Tampa was originally named as a defendant among more than 70 Florida municipalities in that case, but the city argued it shouldn't be sued in Miami. Rosenthal said red-light ticket opponents then chose to file this latest suit against Tampa in its own circuit, which covers every person who has been issued a ticket by the city since the red-light program began four years ago.
Tampa City Attorney Julia Mandell said she would not comment on pending litigation, but said, "we will vigorously defend" the program.
Tampa Police Department spokeswoman Andrea Davis defended the program, saying its goal is to save lives by stopping drivers from running red lights. The number of red-light tickets police issued fell 33 percent, according to city data, going from 61,618 in 2012 to 41,369 in 2014.

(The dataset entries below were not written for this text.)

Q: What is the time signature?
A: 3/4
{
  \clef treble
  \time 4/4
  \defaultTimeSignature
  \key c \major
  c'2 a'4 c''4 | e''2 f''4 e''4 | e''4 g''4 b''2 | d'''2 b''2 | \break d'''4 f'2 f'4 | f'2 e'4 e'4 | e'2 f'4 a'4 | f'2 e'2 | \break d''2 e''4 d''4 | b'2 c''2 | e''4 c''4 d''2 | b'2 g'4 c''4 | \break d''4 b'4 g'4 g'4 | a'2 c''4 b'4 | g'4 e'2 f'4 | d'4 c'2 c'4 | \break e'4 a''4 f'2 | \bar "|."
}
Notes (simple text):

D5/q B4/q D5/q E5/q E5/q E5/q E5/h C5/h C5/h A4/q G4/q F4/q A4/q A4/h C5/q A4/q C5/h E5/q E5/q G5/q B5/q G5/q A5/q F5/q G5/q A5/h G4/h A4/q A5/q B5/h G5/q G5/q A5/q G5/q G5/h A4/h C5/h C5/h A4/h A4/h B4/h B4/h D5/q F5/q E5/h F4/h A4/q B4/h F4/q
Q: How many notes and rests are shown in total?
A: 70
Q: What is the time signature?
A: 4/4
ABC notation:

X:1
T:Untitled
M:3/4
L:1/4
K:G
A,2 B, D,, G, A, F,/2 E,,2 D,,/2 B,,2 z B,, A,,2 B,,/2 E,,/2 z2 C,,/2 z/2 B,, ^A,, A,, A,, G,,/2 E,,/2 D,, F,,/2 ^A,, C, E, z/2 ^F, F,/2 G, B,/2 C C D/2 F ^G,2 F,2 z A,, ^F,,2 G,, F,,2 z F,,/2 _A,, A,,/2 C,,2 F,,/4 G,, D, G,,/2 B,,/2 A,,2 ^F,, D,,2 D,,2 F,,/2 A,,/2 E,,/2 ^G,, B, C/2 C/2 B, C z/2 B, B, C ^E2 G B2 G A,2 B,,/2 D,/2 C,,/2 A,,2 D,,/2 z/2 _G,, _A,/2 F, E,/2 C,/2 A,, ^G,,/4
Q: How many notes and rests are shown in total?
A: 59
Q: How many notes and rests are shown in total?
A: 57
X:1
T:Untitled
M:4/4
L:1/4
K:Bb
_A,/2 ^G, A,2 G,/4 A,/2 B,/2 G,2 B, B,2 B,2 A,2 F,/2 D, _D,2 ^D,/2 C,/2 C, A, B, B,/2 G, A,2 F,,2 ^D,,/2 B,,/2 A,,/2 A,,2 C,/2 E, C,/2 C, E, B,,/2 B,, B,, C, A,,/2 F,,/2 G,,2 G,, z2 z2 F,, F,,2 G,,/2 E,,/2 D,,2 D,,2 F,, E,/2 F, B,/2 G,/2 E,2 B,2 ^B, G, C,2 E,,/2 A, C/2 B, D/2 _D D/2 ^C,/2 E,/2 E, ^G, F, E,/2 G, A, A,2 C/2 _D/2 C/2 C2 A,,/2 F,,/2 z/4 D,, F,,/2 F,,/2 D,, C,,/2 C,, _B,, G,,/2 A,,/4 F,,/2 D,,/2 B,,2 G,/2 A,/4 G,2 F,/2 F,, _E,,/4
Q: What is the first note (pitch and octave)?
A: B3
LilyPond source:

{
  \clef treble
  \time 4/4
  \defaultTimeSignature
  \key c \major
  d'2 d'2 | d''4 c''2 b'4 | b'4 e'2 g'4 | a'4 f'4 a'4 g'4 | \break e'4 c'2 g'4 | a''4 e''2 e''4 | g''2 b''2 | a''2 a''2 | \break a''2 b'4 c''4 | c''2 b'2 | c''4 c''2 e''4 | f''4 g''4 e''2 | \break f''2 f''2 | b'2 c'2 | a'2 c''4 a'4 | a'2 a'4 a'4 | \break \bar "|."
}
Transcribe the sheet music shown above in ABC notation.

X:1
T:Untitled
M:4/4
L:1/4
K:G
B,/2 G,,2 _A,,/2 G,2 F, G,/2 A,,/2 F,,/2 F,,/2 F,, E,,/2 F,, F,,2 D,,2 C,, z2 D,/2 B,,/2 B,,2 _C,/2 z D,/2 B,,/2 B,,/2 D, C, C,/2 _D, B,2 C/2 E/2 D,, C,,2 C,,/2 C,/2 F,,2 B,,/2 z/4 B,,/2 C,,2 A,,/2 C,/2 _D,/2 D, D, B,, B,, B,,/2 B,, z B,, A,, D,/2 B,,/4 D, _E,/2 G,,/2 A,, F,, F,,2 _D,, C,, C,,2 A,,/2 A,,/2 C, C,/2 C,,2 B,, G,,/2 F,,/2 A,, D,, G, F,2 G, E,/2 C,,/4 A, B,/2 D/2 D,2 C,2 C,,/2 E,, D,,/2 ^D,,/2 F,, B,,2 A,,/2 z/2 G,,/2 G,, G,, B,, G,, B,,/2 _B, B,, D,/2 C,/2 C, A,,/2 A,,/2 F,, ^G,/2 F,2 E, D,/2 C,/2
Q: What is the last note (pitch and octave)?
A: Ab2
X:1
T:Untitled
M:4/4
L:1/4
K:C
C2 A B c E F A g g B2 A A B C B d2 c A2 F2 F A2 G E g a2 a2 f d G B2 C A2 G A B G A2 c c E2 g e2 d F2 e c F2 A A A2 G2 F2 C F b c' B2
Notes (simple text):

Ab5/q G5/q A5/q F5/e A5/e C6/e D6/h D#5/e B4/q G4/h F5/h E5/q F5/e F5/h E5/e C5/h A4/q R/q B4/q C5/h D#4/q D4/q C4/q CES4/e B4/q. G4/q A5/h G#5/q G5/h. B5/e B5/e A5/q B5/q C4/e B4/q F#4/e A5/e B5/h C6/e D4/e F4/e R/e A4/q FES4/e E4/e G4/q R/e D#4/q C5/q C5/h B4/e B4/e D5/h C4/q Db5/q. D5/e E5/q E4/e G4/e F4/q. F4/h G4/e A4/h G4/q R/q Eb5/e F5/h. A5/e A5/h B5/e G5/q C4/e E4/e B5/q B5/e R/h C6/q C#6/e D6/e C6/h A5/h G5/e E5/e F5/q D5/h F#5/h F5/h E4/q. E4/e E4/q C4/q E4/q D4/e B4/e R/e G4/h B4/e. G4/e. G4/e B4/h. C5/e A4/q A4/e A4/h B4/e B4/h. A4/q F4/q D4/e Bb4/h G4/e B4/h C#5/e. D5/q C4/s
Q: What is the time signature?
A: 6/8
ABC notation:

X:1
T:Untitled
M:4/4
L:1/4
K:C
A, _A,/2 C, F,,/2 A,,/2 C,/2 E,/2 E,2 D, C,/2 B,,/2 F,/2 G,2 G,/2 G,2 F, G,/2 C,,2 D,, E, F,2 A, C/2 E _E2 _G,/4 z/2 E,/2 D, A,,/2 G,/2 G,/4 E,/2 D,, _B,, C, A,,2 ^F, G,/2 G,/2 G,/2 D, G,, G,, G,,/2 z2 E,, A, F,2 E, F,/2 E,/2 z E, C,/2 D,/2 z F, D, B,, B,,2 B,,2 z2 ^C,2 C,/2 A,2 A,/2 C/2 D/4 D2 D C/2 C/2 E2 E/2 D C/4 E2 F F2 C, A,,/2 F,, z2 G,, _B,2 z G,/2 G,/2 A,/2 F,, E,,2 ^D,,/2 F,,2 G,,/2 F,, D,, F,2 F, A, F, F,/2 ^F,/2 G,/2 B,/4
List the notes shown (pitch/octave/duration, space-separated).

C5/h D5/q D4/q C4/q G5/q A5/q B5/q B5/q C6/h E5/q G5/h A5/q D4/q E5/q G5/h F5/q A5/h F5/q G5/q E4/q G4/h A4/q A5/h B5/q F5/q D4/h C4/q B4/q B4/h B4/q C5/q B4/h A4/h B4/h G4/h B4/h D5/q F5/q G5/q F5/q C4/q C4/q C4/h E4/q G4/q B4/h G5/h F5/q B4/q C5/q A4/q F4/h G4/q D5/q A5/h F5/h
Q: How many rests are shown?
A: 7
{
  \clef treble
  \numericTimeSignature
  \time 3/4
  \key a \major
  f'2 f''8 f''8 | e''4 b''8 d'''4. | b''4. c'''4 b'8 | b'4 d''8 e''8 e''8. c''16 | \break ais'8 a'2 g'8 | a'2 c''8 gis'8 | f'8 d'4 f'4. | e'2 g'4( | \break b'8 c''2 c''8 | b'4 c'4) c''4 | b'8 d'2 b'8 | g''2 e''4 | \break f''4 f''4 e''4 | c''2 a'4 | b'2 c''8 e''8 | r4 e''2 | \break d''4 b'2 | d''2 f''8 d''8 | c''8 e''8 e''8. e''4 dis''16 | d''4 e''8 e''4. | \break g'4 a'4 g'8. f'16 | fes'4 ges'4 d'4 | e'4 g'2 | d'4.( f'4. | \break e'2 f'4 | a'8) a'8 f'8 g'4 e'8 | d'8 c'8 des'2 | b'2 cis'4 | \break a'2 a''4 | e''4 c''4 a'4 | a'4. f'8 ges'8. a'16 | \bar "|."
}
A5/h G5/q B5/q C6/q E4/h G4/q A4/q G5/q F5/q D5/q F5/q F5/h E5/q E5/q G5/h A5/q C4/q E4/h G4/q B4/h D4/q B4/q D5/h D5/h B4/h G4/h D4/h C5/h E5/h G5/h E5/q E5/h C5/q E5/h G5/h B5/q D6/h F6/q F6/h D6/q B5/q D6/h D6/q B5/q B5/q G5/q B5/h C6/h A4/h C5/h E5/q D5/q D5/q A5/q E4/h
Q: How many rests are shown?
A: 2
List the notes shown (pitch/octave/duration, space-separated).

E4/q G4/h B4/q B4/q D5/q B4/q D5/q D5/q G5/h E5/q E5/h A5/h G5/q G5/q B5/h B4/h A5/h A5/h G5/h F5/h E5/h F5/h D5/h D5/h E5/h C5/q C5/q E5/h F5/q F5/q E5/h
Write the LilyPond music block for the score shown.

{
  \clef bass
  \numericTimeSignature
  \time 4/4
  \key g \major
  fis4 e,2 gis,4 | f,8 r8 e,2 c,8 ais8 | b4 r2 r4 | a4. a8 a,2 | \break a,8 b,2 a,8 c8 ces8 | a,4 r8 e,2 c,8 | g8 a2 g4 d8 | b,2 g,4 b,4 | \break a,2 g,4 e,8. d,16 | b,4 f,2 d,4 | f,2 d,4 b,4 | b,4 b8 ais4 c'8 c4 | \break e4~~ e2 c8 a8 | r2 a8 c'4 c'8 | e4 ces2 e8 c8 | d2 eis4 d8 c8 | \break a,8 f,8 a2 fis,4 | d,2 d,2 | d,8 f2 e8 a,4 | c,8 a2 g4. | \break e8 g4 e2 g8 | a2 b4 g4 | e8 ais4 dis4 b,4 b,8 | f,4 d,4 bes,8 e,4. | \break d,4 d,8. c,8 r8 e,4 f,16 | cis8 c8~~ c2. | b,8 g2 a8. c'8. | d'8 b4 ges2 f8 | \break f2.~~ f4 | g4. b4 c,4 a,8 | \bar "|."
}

"The decrease in the number of violations over time at the intersections with the red-light cameras shows that drivers are changing their patterns and using more caution at these intersections," she said.
Florida law authorizes municipalities to delegate the initial review of potential traffic violations captured by red-light cameras, the suit argued, but it doesn't authorize them to delegate the power to determine who violated the law or the ability to send out notices of violation and issue traffic citations.
Under Tampa's program, ATS reviews recorded images and video from red-light cameras and determines whether those images should be sent to a police officer. When an officer authorizes enforcement, ATS automatically sends a notice of violation with a copy of the officer's signature and badge number.
Rosenthal said he doesn't have any problem with using red-light cameras to improve traffic safety. And his group doesn't want to kill the program entirely.
"That's a political issue," he said.
But he does want to prevent future illegal exactions.
"A number of cities are seeing the light," Rosenthal said, "and changing the way they run things."
The Tampa lawsuit has a supporter on the other side of the bay: Matt Florell, who actively campaigned against the red-light camera program that St. Petersburg got rid of in 2014.
"The problem is they are way too easy to abuse," he said, pointing to the tendency of cities to go after less dangerous infractions — like right on red — that are more profitable.